» BRIEF
Your answer must be an exact copy of the data below, minus any pictures.

[Opening EXERCISE DATA section]

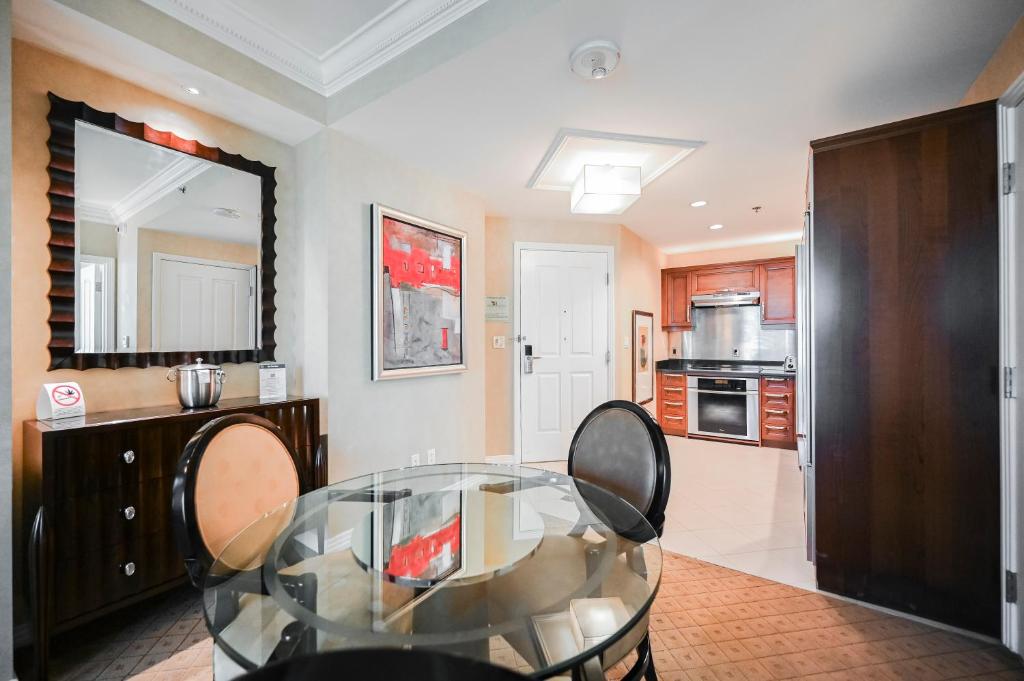StripViewSuites at Signature - ADA One-Bedroom - Balcony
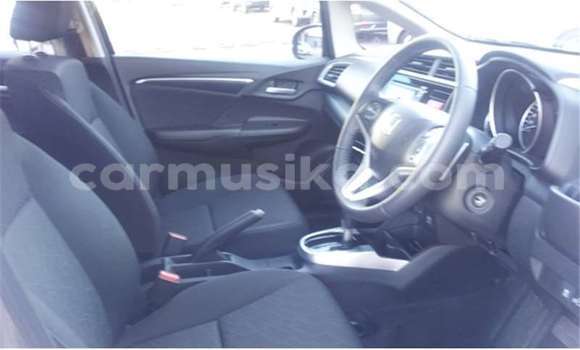 Acheter Occasion Voiture Honda Mobilio Gris à Harare, Harare Acheter Occasion Voiture Honda Mobilio Gris à Harare, Harare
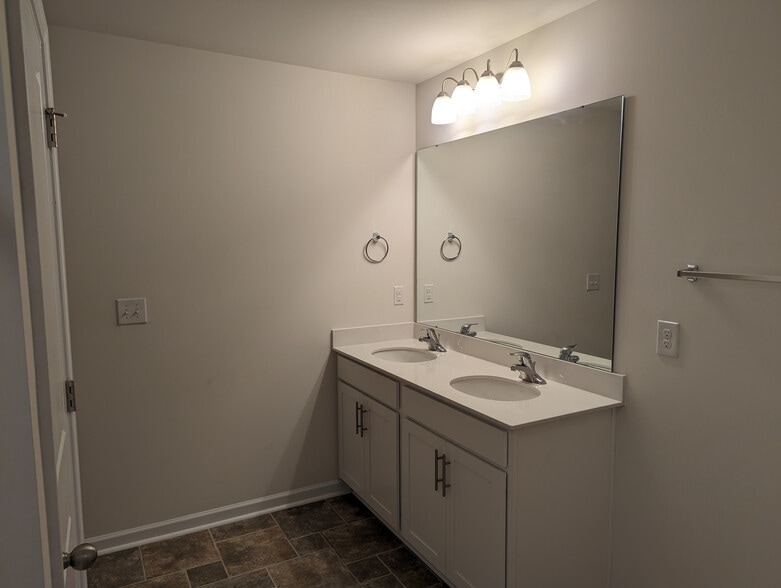 Building Photo - Room in Townhome on Guildford Hill Ln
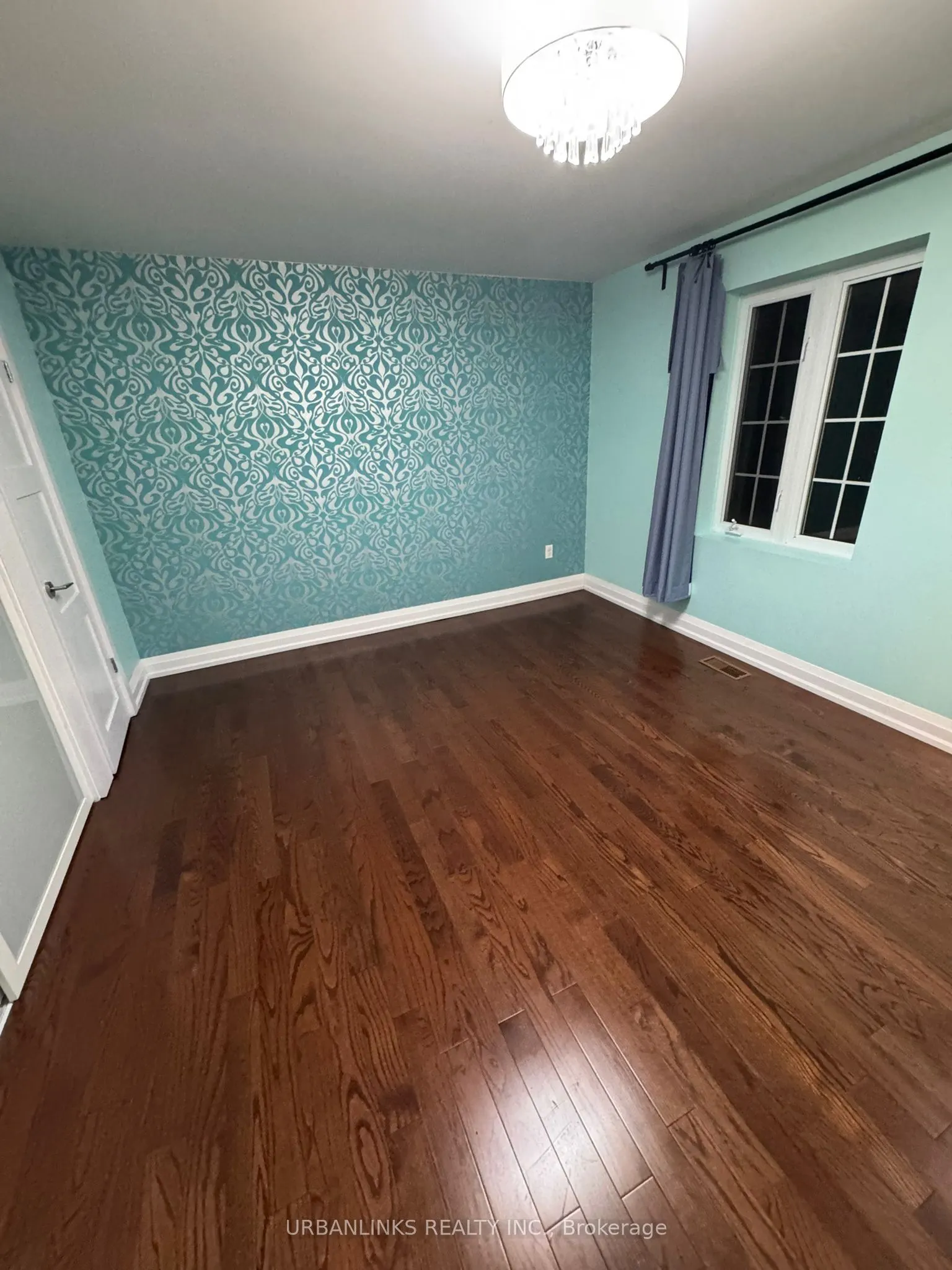 7 Shaughnessy Boulevard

[Closing EXERCISE DATA section]

» WRITTEN SOLUTION
StripViewSuites at Signature - ADA One-Bedroom - Balcony
 Acheter Occasion Voiture Honda Mobilio Gris à Harare, Harare Acheter Occasion Voiture Honda Mobilio Gris à Harare, Harare
 Building Photo - Room in Townhome on Guildford Hill Ln
 7 Shaughnessy Boulevard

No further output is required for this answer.